It’s parabolic!

Stocks remain on fire in January as most of the major averages are hitting multi-year highs, and in some instances all time highs! For the week, the Dow Jones Industrial Average (chart) closed up 1.8%, the Nasdaq (chart) +0.48%, the S&P 500 (chart) +1.14% and the small-cap Russell 2000 (chart) finished the week higher by 1.39% and closing at an all time high. Once the S&P 500 was able to breakout and remain above the 1475 level, which had been a major resistance level, the money that had been sitting on the sidelines seemingly went to work. Also there has been a slow rotation out of bond funds and into stocks.

One would thing that a pullback of some sort is in the cards for equities. However, with earnings reporting season coming in better than expected so far, and the debt ceiling issue being pushed out, we may very well continue to see this upward trajectory for stocks at least in the short term. There could be one catalyst that may give the market a pause and that is next weeks jobs report. If the employment picture continues to remain weak, I would think that this could be a reason for stocks to take a breather.
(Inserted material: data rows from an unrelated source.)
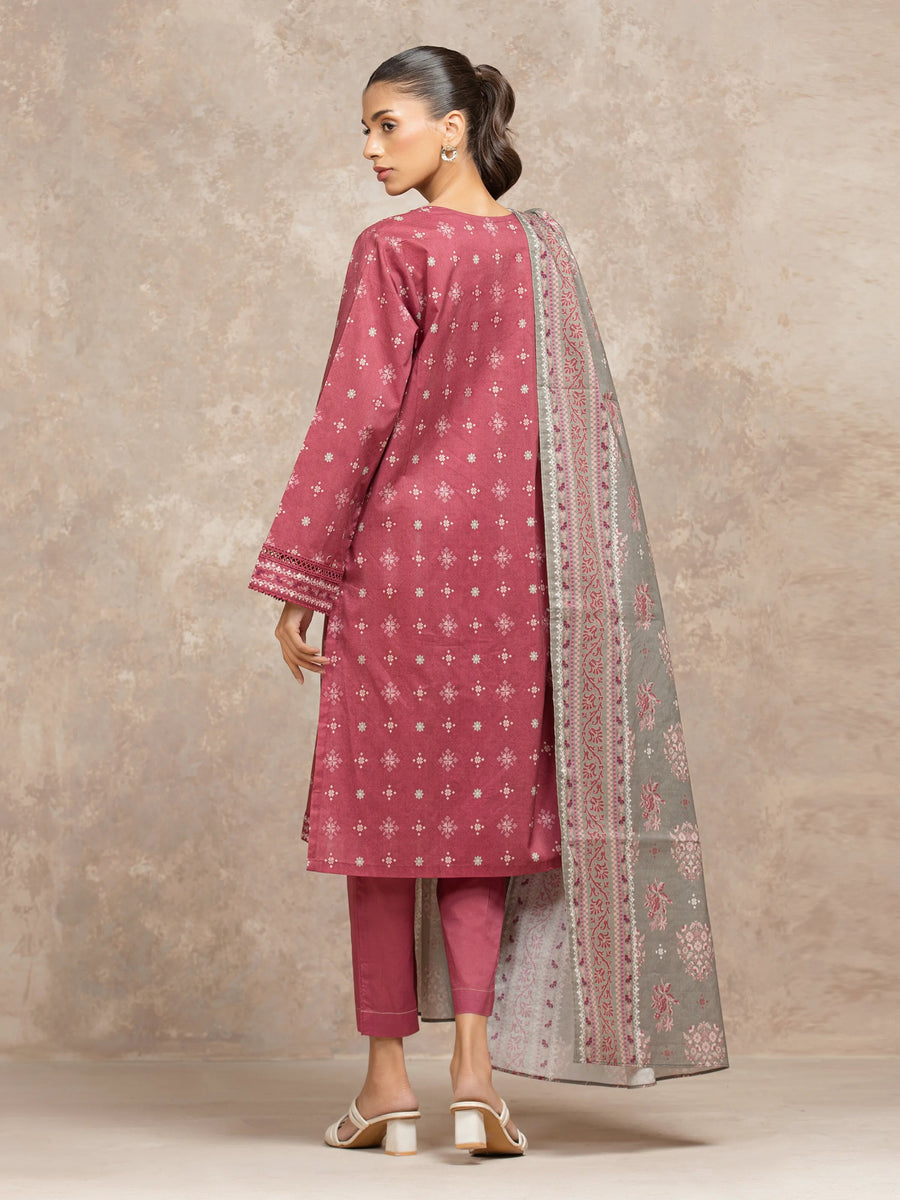 edenrobe Allure Unstitched Printed Khaddar 3Pc Suit EWU5A3-36015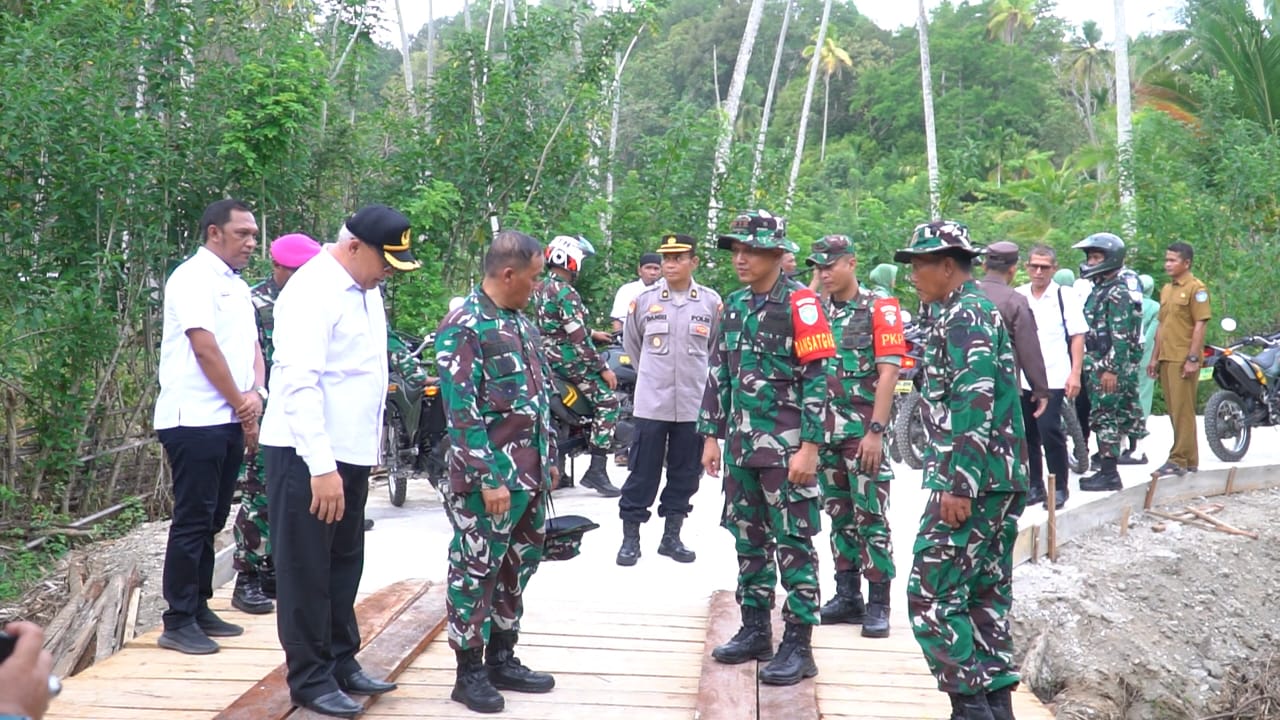 ‎Irdam IM dan Rombongan Tinjau Hasil Sasaran Fisik TMMD ke-124 Kodim 0107/Aceh Selatan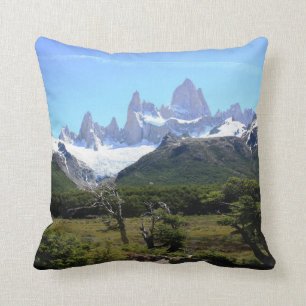 A View Of Mount Fitz Roy Cushion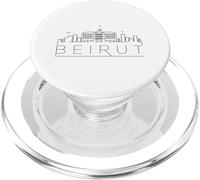 Beirut Skyline Gráfico Hombres Mujeres Beirut Paisaje Urbano PopSockets PopGrip para MagSafe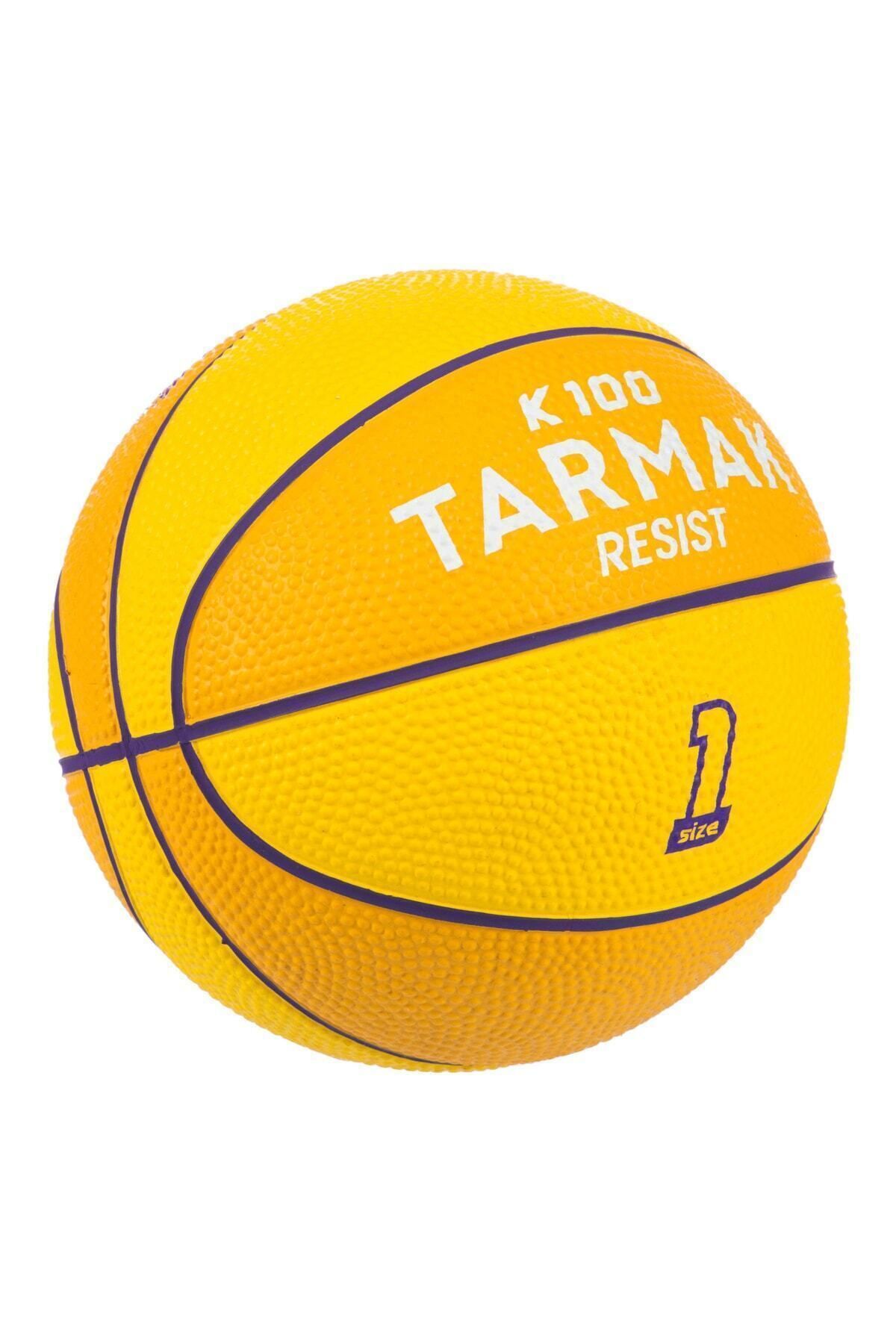 Decathlon Tarmak Mini Basketbol Topu - 1 Numara - Sarı / Mor - K100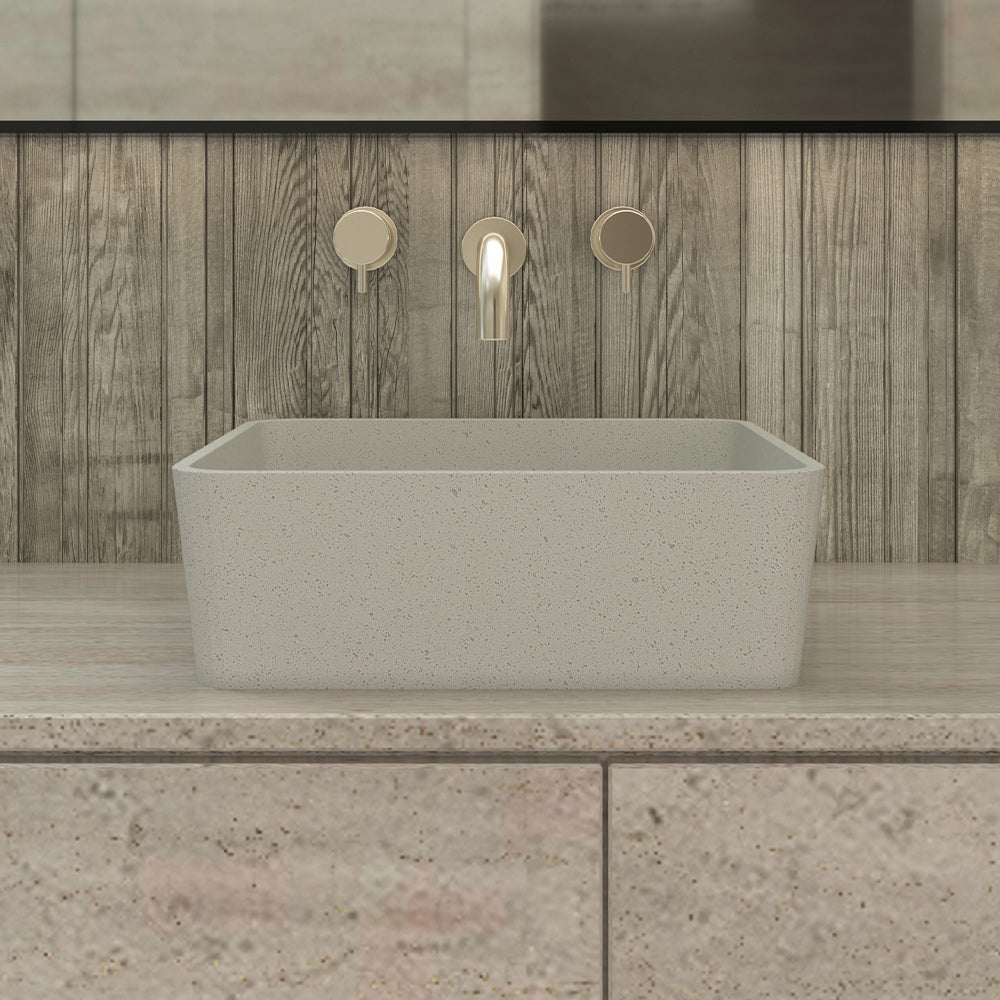 Cement Concrete Bathroom Vessel Sink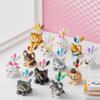 Mekansm Cute Cat Dog Orange Tabby Corgi Husky Small Animal Pet Building Model Building Block Toy Puzzle Children's Holiday Gift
In addition to the January jobs report released next week, we will also get earnings reports out of Caterpillar (NYSE: CAT), Yahoo (NasdaqGS: YHOO), Ford (NYSE: F), Amazon (Nasdaq: AMZN), Facebook (NasdaqGS: FB), Mastercard (NYSE: MA) and ExxonMobil (NYSE: XOM) just to name a few. Good luck to all.

Have a great weekend 🙂



5 year high!

Stocks continue to advance in the new year as the S&P 500 (chart) closed the week at a five year high. The Dow Jones Industrial Average (chart) finished the week up 0.40%, the Nasdaq (chart) +0.77% and the small-cap Russell 2000 (chart) added 0.19%. Furthermore, with the S&P 500 (chart) closing at 1472.05, all eyes will be watching next week to see if this key index can break and remain above the 1475 level which has been a key resistance level. However, next week a slew of companies are schedule to report their Q4 earnings results which most likely will be the catalyst to either break these markets out, or once again serve as a key resistance level.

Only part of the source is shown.